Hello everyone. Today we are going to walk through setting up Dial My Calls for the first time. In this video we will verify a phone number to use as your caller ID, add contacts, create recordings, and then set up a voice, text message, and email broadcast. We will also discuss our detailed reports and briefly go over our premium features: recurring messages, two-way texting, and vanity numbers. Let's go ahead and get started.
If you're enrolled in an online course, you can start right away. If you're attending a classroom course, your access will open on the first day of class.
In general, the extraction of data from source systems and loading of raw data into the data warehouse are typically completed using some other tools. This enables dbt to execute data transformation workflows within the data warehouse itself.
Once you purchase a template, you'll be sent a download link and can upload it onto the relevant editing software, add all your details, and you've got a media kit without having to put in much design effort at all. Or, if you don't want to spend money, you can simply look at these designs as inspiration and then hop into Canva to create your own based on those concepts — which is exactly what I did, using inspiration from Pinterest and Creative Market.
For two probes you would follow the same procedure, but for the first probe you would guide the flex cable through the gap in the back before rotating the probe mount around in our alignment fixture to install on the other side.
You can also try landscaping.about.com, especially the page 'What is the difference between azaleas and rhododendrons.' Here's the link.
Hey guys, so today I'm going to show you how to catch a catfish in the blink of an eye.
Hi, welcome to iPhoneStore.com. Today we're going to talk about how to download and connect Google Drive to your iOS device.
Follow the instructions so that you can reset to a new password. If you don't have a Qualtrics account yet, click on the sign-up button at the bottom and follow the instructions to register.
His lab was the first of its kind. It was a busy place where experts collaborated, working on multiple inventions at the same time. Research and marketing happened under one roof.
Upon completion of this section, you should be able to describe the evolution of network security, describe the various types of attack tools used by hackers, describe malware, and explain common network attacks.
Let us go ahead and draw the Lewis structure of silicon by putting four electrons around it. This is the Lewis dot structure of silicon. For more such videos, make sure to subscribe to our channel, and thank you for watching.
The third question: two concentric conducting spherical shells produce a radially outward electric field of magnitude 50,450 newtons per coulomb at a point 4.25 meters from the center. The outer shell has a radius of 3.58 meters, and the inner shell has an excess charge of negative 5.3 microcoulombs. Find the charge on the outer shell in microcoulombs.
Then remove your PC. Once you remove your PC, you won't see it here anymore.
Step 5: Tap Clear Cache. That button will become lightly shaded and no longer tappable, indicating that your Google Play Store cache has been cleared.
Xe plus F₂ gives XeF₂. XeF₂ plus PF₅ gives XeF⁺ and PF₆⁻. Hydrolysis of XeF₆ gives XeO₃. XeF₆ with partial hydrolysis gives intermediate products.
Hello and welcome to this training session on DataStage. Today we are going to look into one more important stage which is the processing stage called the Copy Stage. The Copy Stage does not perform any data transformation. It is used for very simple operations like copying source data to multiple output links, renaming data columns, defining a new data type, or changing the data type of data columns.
═══
(Your objective)
For every line above that holds the word "download", report the whole line.

(Answer area)
Once you purchase a template, you'll be sent a download link and can upload it onto the relevant editing software, add all your details, and you've got a media kit without having to put in much design effort at all. Or, if you don't want to spend money, you can simply look at these designs as inspiration and then hop into Canva to create your own based on those concepts — which is exactly what I did, using inspiration from Pinterest and Creative Market.
Hi, welcome to iPhoneStore.com. Today we're going to talk about how to download and connect Google Drive to your iOS device.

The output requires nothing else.